Siblings Hansel and Gretel (Jeremy Renner and Gemma Arterton) were abandoned in the woods by their parents years ago. They found their way to a witch’s house, and managed to defeat her. After that, the two dedicated their lives to killing off witches. Now, they find their way to a hamlet where children have been going missing. The two investigate, and stumble on to a cabal of witches planning a profane ritual in three days on the blood moon. And along the way, they discover something about their past that changes their understanding of their origins.
There is just a hint of irreverence skirting the edges of the movie, a silliness that indicates a dash of self-awareness in the proceedings. This, along with the over-the-top, R-worthy violence, is what sets the film apart from other films of its ilk. While Red Riding Hood and Snow White and the Huntsman seemed utterly convinced that their reimaginings of these children’s tales into serious adult movies were worthy endeavors, Hansel & Gretel seems to be a little more aware of how ridiculous it all is, and adjusts by having a tad more fun. The movie introduces some light-heartedness into the mix, breaking up the monotony of action movie posturing.

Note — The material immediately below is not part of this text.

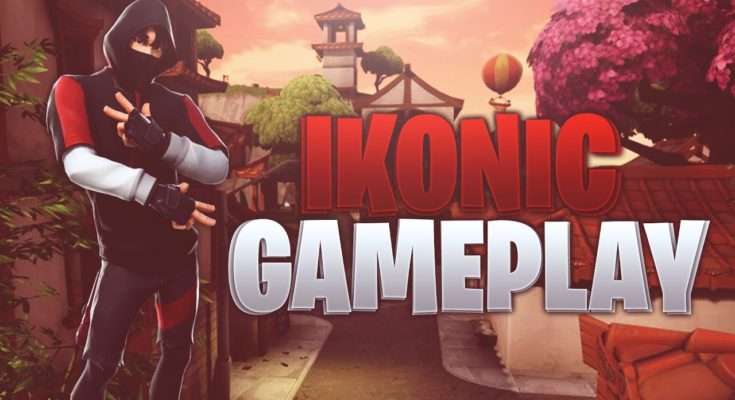 🔴 IKONIK SKIN GAMEPLAY!! // TOP CONSOLE PLAYER // 2400+ WINS // Fortnite Battle Royale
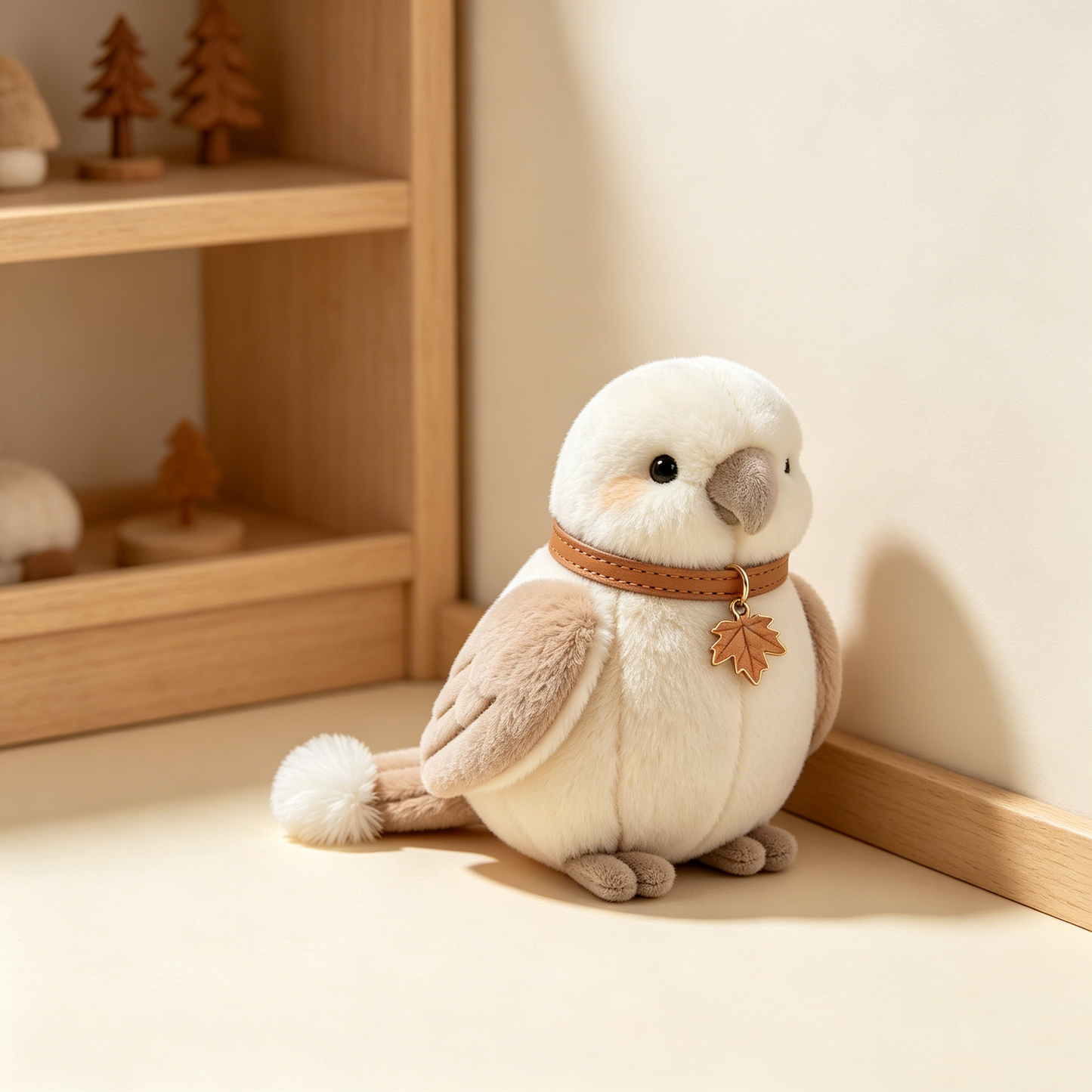 Maple Collar White Parrot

It doesn’t quite go far enough, however. It still tries to squeeze in a fairly convoluted story that digs into the protagonists’ pasts, playing for emotions that just aren’t there. And the effects-heavy action sequences don’t quite carry the same spirit of fun, the film ultimately too clinical in cutting them together. The more effective action scenes recall the twisted sensibilities of a Sam Raimi movie, lingering in the grotesque and comedic. An overblown Zimmer score also serves to make the film feel more bombastic than it really is. The film can’t quite pick a tone, and the result feels more generic than it ought to be. The cast can feel similarly indistinct. Jeremy Renner and Gemma Arterton are mostly made to play stoic, even when delivering wisecracks. They are two more dour antiheroes in a landscape littered with them. The two certainly have more personality than this, and it might have been more interesting to just show them having fun. Famke Janssen is also a bit held back as the villain of the piece. It’s really only Peter Stormare and Thomas Mann in the supporting cast who really give this film a kick of flavor and personality.

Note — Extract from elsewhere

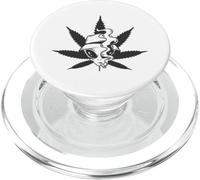 Fumer Alien Wisps of The Galaxy PopSockets PopGrip pour MagSafe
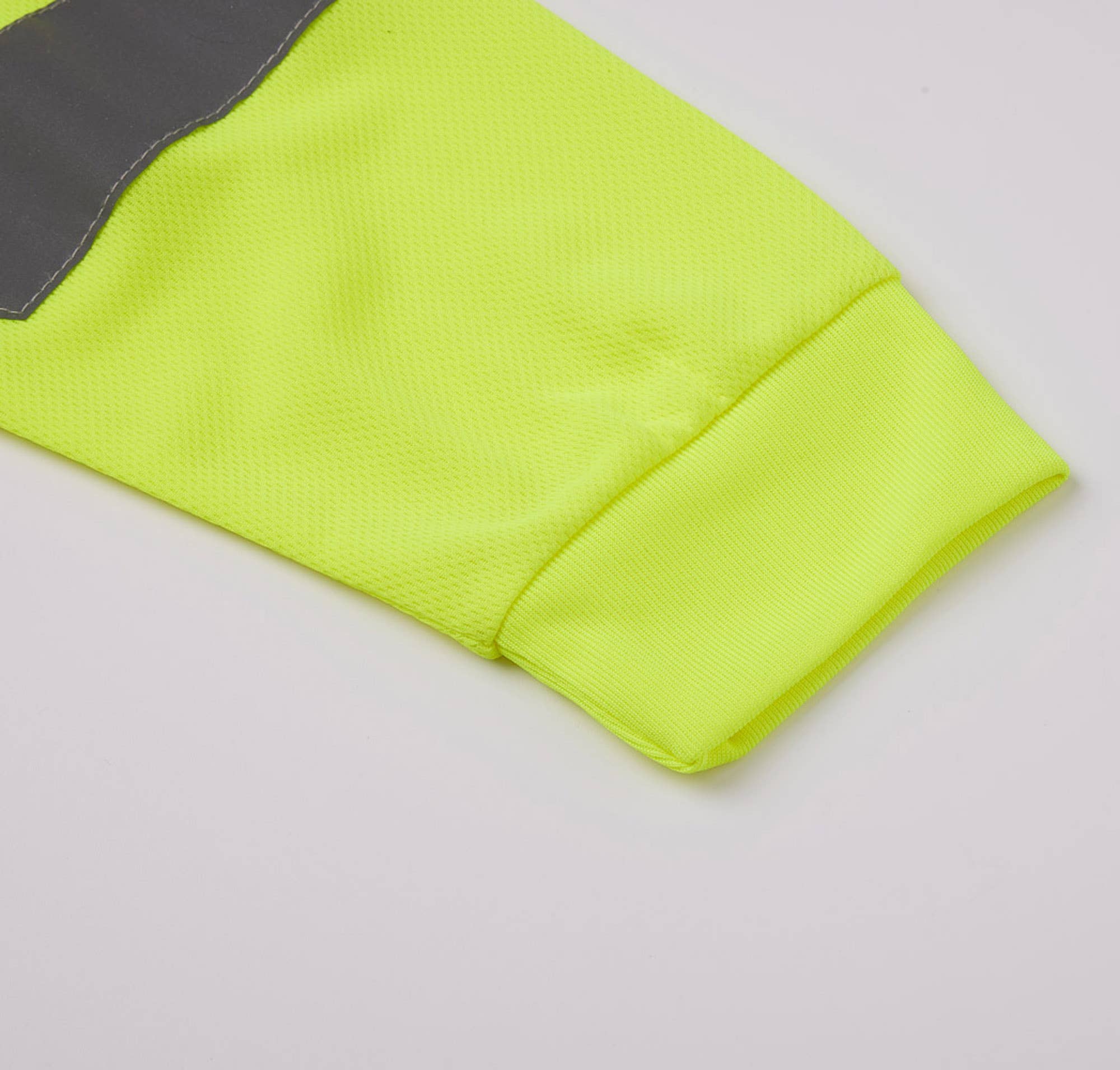 3C Products – wholesale Safety vest – Unisex – ST3000 Safety T-Shirt, Long Sleeve Lime Green/ Yellow7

Hansel & Gretel: Witch Hunters is occasionally fun, but as a whole, it isn’t committed enough to its own silliness to really pop. The hints of self-aware comedy and over-the-top violence suggest that the film could have been a Raimi-esque romp. But in the end, it mostly settles for the predictable dour coolness of the modern-day, effects-heavy action movie. The movie is still better than it has any right to be, but that isn’t really saying much, given the overall silliness of the premise.